Inspiration

We have all seen AI-generated short-form content on social media, but is it possible to make coherent long-form content with a single prompt?

This is what we wanted to explore for our project: can you go from a one-sentence idea to a fully rendered short film with consistent characters, coherent scene transitions, and real cinematic motion, all automated?

Existing text-to-video tools generate isolated clips with no narrative structure, inconsistent characters, and no user control over the visual direction. We set out to build a full film pipeline that solves all three.

What it does

FilmStitch is an end-to-end AI film pipeline. You type a film idea, and it produces a ~80-second short film with no manual editing or prompting. The pipeline runs in three phases, each pausing for creative user input before continuing.

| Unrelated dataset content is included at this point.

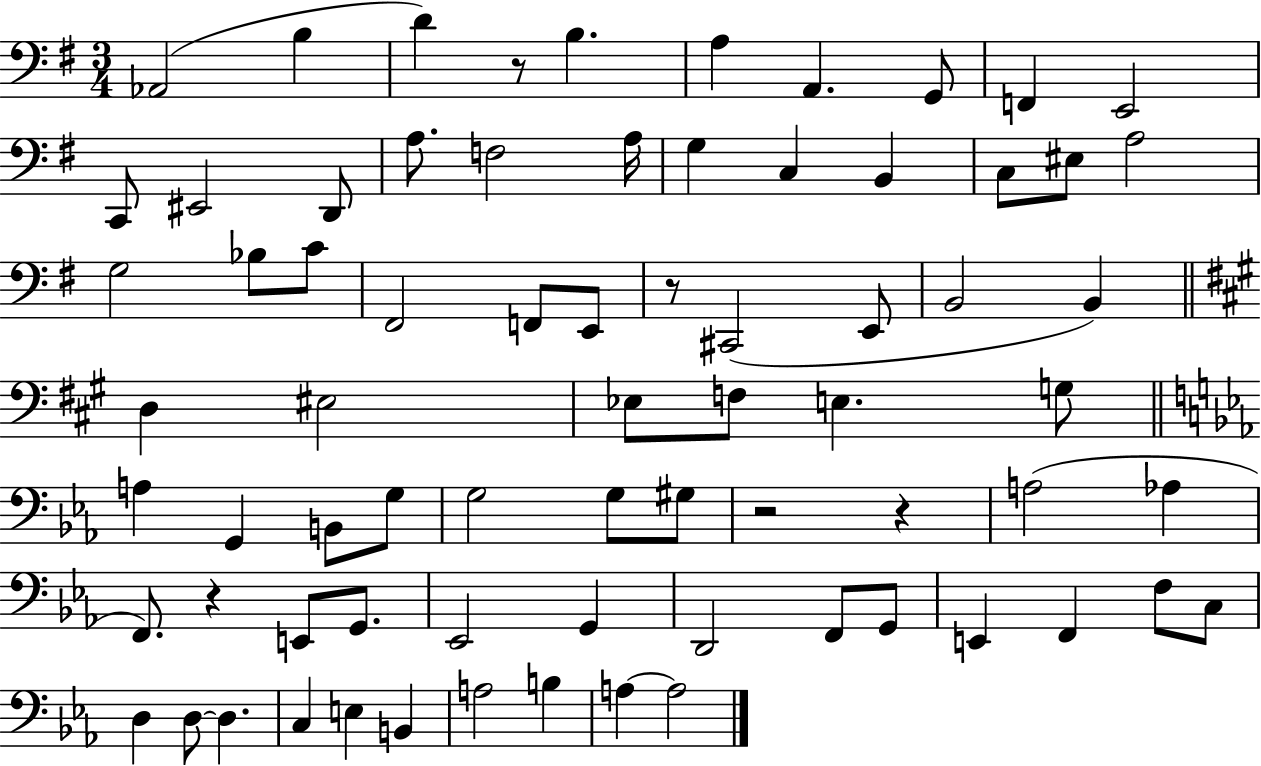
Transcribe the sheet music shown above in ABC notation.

Phase 1 — Writing and reference generation:

  1. Writes a 10-segment script via Claude Sonnet, structured with narration, action, dialogue, and per-segment character tracking
  2. Generates detailed visual character descriptions via Claude — specific clothing, hair, facial features, and build that an image model can reproduce consistently
  3. Generates a unified environment description via Claude — lighting, materials, color palette, and atmosphere
  4. Produces 11 boundary keyframe descriptions, with character appearance details embedded directly into each FLUX prompt for consistency
  5. Renders character and environment reference images (3 variants each) on Modal using FLUX.1-dev

User checkpoint: choose preferred reference variants for each character and environment

Phase 2 — Keyframe image generation:

  1. Renders 33 keyframe images (11 × 3 variants) on Modal using FLUX.1-dev, with multi-reference CLIP conditioning — the character and environment refs relevant to each keyframe boundary are averaged into a single embedding and blended into FLUX's pooled text embedding

User checkpoint: choose preferred keyframe variant for each of the 11 boundary frames

Phase 3 — Video and assembly:

  1. Interpolates 10 video segments in parallel using LTX-Video-0.9.5 on Modal, with first-frame and last-frame conditioning pinning the chosen keyframes at each end of the clip
  2. Assembles the final film with ffmpeg concat

How we built it

  • Orchestration: Python async pipeline (pipeline.py) coordinating four separate Claude API calls and three rounds of Modal GPU jobs across three distinct phases
  • Script generation: Claude Sonnet produces a structured JSON script with per-segment character tracking and environment tagging
  • Character + environment descriptions: Two additional Claude calls extract detailed, camera-ready visual descriptions before any image generation begins — this is what makes FLUX prompts specific enough to produce consistent character appearances without fine-tuning
  • Keyframe descriptions: A fourth Claude call uses those descriptions directly, embedding specific clothing and appearance details into every keyframe prompt rather than relying on the model to infer them
  • Image generation: FLUX.1-dev on Modal (A100-40GB). Multi-reference CLIP conditioning: for each keyframe, we encode all character refs present at that boundary plus the environment ref, average their embeddings, and blend the result (30%) into FLUX's pooled text embedding. The full cinematic prompt routes through FLUX's T5 encoder, which has no token length limit
  • Video generation: LTX-Video-0.9.5 on Modal (A100-40GB) via LTXConditionPipeline. Dual-frame conditioning pins first and last frames using LTXVideoCondition objects; intermediate motion is guided by the segment's narration and action text. 10 segments dispatch concurrently with concurrency_limit=10, running on separate containers simultaneously
  • Server: FastAPI with WebSocket for real-time progress streaming across all three phases. Three new endpoints handle the phase boundaries: /pipeline/start, /pipeline/{id}/gen-keyframes, and /pipeline/{id}/continue
  • Frontend: React SPA with a step-by-step wizard — idea input → live pipeline log → reference picker → keyframe timeline with per-boundary variant selection → parallel clip progress grid → final download
  • Assembly: ffmpeg concat demuxer for gapless segment joining, with re-encoding for codec consistency across clips

Challenges we faced

CLIP's 77-token hard limit in the IP-Adapter path. FLUX has two text encoders: T5-XXL for the main prompt (handles ~512 tokens, drives image quality) and CLIP for pooled_prompt_embeds (hard 77-token ceiling). Our character conditioning code called encode_prompt() with the full keyframe prompt to get the CLIP pooled embedding for blending. Prompts longer than 77 tokens were silently truncated, producing a conditioning signal derived from a mangled version of the prompt. The fix passes a 50-word summary to encode_prompt() while the full prompt still travels through T5 via the main pipeline call — two separate paths, independently controlled.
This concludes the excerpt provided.